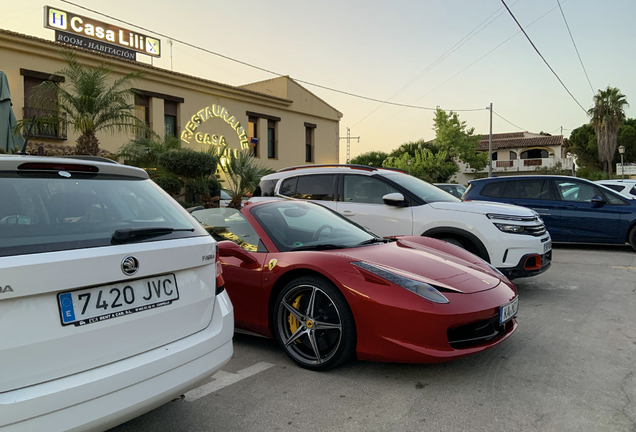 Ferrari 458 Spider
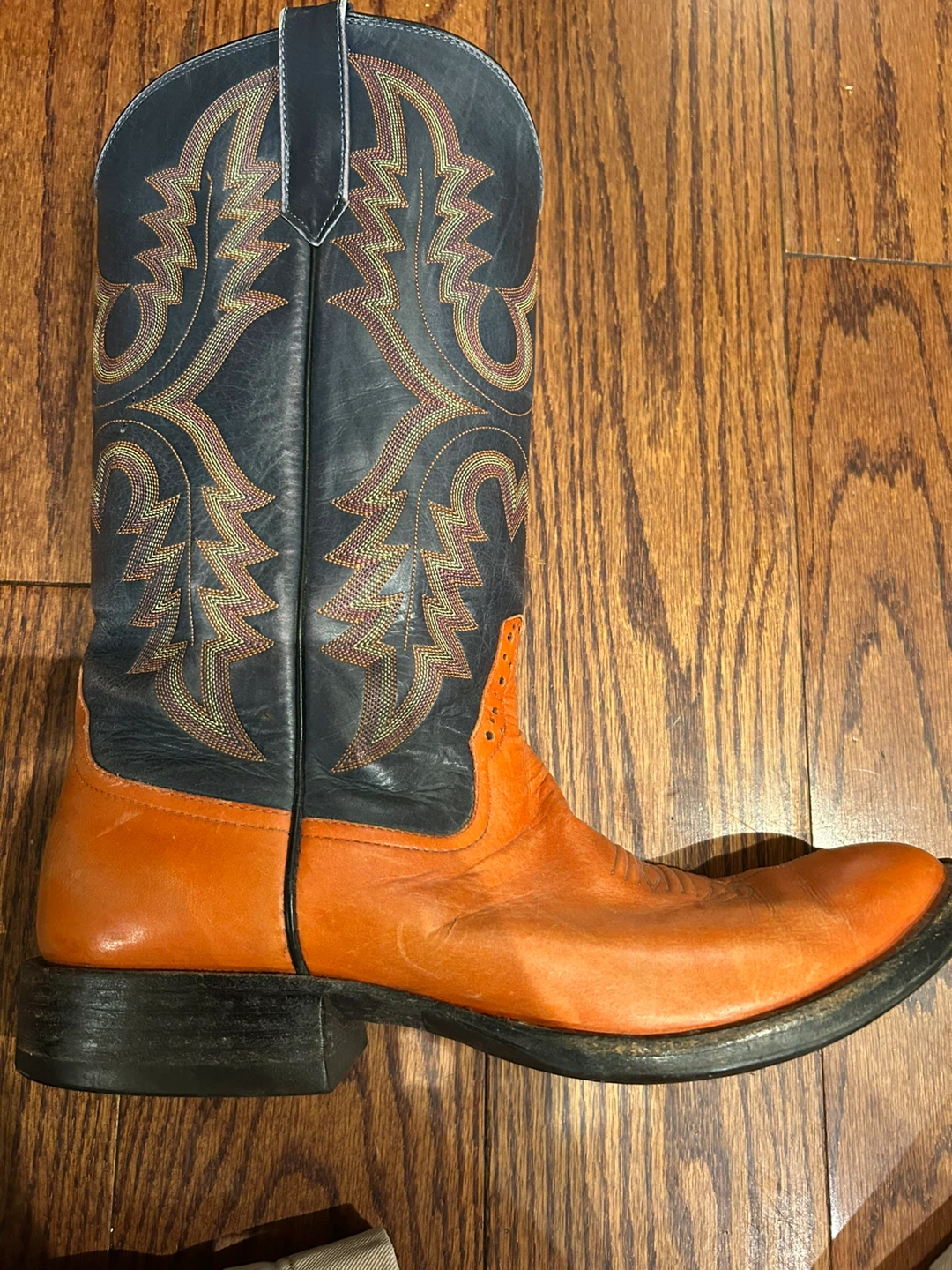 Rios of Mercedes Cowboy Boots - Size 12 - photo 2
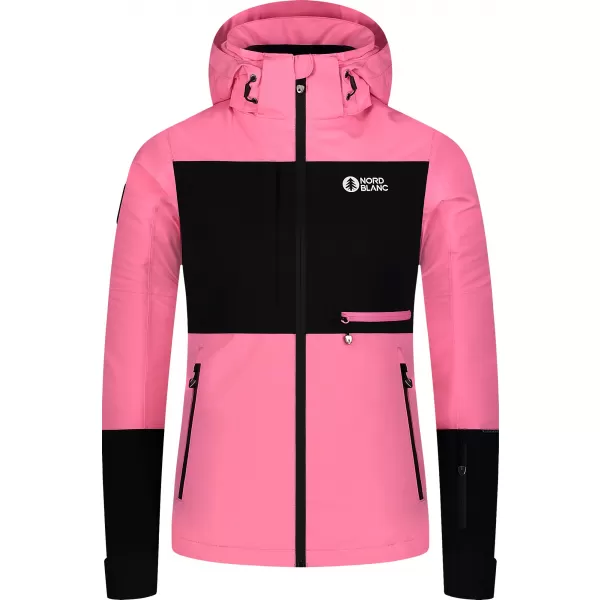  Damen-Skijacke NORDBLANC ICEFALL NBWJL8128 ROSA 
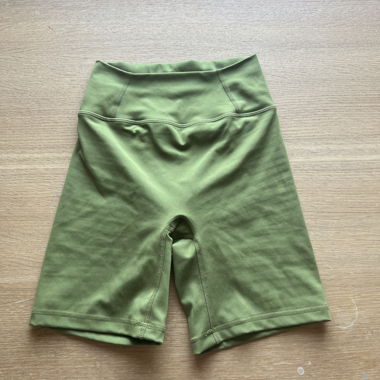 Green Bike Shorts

THE PROBLEM: Copy out the lines exactly as written, beginning with the one that contains "Rios of Mercedes" and ending with the last line of the material; do not include pictures.

RESULT OF THIS EXERCISE:
 Rios of Mercedes Cowboy Boots - Size 12 - photo 2
  Damen-Skijacke NORDBLANC ICEFALL NBWJL8128 ROSA 
 Green Bike Shorts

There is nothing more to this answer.